Search the data below for the string "avec" and copy all lines where it shows up.
---------- Dataset content ----------
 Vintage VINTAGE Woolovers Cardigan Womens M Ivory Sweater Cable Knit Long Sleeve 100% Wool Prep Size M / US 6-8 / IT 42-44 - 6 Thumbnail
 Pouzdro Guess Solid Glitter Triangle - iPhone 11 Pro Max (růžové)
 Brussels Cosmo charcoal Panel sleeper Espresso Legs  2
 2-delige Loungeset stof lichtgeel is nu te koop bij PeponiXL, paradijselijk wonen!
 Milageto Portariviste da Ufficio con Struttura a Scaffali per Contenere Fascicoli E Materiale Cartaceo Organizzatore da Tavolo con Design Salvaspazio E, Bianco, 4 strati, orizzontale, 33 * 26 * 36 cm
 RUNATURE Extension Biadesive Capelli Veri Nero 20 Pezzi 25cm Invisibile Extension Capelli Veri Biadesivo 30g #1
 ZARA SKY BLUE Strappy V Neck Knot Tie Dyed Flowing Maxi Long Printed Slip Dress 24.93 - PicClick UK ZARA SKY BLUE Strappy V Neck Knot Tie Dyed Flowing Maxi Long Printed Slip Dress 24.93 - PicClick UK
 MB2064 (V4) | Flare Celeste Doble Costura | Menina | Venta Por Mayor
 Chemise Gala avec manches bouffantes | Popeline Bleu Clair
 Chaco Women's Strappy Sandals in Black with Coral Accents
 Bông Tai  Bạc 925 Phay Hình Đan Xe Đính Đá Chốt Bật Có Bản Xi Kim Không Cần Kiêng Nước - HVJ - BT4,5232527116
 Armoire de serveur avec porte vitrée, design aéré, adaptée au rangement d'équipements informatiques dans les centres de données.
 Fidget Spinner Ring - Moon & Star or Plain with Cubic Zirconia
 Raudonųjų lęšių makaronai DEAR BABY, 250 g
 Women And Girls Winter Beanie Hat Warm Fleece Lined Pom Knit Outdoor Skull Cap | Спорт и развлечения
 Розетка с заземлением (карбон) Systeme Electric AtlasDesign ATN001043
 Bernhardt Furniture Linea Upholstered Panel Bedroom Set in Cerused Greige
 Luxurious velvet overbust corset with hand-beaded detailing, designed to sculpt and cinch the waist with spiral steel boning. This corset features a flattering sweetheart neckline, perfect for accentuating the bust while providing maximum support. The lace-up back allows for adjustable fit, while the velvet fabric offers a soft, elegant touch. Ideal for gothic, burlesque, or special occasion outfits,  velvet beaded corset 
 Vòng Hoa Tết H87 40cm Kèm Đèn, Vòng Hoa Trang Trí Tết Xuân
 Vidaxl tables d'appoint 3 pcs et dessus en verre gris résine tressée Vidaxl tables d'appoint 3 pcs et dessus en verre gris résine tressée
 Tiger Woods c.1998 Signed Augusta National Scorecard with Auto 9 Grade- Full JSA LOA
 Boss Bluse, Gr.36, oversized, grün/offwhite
----------
> _Answer to the problem_:
 Chemise Gala avec manches bouffantes | Popeline Bleu Clair
 Armoire de serveur avec porte vitrée, design aéré, adaptée au rangement d'équipements informatiques dans les centres de données.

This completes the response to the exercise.